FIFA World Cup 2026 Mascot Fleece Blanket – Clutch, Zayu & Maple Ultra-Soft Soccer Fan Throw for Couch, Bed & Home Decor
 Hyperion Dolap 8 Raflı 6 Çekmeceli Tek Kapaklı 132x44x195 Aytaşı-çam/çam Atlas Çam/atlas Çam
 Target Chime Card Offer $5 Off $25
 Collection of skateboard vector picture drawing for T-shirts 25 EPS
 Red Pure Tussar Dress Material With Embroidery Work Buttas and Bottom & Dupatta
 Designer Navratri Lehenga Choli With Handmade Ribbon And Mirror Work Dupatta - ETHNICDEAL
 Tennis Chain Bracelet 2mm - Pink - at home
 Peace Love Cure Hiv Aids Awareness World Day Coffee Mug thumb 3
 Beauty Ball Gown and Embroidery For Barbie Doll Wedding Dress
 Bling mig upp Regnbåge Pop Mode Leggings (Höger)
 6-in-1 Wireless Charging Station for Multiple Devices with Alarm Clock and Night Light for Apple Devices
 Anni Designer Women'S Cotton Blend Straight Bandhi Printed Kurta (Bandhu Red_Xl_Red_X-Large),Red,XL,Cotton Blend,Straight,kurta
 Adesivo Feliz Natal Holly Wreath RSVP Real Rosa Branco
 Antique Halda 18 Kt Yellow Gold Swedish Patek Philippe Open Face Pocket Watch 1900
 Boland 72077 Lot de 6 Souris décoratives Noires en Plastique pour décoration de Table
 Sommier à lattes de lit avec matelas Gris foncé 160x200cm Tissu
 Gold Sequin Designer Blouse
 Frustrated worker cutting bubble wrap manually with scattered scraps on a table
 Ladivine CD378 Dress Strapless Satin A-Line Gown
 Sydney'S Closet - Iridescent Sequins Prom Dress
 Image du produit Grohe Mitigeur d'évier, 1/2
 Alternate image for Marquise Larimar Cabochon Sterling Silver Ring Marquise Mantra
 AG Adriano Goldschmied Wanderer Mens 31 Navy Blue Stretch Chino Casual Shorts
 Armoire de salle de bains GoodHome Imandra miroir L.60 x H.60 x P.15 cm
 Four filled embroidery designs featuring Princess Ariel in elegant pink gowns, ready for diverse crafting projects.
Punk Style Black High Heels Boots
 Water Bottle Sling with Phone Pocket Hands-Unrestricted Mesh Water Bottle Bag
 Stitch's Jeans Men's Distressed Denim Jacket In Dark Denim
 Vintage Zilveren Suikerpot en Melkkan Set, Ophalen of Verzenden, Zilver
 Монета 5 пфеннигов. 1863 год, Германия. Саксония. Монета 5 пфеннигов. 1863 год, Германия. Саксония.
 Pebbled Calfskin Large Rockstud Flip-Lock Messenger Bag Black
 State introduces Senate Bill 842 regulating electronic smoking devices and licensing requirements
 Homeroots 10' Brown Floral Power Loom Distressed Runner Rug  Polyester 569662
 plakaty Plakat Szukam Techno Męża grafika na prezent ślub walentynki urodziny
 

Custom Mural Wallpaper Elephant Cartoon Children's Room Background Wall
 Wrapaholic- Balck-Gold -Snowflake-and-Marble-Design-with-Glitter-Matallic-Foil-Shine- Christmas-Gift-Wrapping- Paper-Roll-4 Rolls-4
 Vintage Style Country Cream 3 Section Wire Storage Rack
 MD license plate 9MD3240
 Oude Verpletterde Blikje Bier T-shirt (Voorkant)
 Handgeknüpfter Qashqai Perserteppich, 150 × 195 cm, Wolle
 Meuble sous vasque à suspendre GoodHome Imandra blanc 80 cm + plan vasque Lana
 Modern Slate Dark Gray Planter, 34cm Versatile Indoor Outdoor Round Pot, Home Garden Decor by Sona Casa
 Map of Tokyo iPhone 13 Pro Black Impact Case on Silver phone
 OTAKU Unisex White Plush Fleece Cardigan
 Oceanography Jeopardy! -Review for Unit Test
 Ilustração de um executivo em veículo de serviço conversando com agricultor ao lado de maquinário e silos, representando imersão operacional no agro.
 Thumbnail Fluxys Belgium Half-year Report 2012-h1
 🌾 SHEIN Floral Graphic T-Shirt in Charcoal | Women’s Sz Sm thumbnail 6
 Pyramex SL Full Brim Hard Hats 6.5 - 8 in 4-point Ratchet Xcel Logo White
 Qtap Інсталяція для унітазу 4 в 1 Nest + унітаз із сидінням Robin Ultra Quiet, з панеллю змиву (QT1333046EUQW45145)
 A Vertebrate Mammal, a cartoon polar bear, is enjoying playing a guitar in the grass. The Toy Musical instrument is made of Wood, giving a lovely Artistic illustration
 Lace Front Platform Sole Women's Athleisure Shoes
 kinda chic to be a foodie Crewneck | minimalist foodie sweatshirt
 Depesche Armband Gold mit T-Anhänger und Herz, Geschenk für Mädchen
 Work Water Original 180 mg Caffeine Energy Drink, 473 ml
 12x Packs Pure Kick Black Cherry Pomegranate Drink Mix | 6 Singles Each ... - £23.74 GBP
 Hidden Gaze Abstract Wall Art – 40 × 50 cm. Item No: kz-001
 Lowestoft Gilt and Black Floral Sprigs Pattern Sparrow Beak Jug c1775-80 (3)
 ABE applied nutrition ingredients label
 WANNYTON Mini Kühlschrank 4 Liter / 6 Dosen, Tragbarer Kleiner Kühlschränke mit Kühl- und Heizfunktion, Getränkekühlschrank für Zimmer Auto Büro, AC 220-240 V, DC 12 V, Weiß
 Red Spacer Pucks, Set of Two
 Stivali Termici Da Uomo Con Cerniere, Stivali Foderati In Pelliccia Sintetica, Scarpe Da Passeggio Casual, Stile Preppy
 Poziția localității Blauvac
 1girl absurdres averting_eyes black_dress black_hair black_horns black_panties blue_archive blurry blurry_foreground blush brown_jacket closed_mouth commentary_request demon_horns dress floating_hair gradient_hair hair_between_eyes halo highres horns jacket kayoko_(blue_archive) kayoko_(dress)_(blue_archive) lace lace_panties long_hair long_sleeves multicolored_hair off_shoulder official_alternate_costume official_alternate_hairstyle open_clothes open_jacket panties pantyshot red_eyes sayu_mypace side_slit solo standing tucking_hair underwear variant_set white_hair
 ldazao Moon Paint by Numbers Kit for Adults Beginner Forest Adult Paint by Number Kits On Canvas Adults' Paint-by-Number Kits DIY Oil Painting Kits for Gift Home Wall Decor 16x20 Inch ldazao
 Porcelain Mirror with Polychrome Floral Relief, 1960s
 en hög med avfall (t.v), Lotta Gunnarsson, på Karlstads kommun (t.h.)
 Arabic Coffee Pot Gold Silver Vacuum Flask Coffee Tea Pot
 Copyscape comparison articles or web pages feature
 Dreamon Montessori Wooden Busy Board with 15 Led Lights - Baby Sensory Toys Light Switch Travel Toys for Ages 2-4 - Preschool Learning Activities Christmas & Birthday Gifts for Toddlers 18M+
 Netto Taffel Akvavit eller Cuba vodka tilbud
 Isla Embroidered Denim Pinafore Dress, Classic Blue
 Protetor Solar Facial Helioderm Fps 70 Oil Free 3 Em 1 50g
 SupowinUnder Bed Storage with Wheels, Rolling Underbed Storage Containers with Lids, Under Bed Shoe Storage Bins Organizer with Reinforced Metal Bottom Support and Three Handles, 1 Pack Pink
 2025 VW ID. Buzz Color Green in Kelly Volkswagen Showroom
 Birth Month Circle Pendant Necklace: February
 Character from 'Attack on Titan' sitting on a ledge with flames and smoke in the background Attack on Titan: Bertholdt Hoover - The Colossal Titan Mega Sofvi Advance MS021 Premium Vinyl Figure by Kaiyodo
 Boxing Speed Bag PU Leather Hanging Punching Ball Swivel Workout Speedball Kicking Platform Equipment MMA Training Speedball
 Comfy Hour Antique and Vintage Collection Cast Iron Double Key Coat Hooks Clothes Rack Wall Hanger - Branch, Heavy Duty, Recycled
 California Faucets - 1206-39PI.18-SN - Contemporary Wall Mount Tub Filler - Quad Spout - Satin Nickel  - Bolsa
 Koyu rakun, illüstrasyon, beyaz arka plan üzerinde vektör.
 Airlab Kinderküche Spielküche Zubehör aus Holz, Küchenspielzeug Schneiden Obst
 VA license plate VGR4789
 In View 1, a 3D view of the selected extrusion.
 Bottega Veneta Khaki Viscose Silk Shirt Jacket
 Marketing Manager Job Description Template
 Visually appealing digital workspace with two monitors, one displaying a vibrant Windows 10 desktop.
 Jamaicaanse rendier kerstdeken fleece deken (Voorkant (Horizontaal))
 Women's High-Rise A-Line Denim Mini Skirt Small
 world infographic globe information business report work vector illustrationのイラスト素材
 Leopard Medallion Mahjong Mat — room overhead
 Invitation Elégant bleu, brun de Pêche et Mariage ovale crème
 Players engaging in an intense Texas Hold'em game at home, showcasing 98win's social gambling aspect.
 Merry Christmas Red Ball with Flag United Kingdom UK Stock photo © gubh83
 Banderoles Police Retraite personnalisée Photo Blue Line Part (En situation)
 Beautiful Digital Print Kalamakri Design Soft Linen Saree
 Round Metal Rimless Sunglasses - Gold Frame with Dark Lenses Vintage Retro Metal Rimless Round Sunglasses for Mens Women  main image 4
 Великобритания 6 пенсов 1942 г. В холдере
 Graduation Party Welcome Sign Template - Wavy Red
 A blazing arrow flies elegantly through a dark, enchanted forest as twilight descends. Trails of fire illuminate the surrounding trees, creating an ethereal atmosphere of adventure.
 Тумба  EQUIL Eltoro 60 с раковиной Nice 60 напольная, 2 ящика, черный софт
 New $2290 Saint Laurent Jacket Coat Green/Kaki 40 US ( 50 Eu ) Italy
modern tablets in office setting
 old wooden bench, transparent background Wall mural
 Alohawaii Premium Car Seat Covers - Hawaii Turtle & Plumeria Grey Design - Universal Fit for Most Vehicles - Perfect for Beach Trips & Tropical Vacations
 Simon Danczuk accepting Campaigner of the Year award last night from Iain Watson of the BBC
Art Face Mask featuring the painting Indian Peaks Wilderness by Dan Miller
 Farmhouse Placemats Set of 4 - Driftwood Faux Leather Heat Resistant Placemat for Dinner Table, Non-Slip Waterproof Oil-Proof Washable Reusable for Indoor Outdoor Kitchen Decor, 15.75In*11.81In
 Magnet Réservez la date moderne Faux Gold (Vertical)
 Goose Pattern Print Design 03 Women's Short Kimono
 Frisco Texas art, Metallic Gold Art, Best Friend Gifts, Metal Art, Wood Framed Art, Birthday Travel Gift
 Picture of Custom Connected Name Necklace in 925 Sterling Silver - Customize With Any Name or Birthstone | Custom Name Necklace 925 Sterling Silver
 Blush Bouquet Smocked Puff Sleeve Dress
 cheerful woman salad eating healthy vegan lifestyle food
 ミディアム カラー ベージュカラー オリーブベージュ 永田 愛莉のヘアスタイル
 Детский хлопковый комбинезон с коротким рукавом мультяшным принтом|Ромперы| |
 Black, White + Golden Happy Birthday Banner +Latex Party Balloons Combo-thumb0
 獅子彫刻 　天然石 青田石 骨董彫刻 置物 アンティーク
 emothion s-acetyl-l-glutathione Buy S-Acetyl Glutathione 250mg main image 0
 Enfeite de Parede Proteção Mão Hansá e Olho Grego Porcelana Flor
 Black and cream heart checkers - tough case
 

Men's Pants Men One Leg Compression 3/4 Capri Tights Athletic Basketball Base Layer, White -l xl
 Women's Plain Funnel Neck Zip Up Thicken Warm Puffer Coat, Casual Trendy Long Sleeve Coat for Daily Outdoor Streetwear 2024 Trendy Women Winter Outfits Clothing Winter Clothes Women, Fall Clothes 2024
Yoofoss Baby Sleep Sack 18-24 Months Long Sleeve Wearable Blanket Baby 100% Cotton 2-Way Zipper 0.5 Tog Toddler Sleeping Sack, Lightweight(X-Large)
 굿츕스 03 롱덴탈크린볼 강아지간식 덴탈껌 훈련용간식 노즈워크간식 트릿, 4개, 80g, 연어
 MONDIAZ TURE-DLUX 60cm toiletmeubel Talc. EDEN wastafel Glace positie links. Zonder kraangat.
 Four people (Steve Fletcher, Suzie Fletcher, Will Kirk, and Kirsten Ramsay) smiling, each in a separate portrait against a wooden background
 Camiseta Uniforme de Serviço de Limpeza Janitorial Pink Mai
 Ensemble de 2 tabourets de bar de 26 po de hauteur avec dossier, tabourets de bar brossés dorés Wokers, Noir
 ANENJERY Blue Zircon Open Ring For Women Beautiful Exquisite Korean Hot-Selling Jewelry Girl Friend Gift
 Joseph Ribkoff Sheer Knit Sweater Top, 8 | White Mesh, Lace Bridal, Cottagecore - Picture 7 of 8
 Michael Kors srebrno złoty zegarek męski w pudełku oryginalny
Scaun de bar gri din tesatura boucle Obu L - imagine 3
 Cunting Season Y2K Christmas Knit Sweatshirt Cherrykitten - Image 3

** WORK TO BE COMPLETED **
Make an exact copy of every line from the one with "Joseph Ribkoff Sheer" to the end of the data, with the first and last of those lines included.

** EXERCISE RESPONSE **
 Joseph Ribkoff Sheer Knit Sweater Top, 8 | White Mesh, Lace Bridal, Cottagecore - Picture 7 of 8
 Michael Kors srebrno złoty zegarek męski w pudełku oryginalny
Scaun de bar gri din tesatura boucle Obu L - imagine 3
 Cunting Season Y2K Christmas Knit Sweatshirt Cherrykitten - Image 3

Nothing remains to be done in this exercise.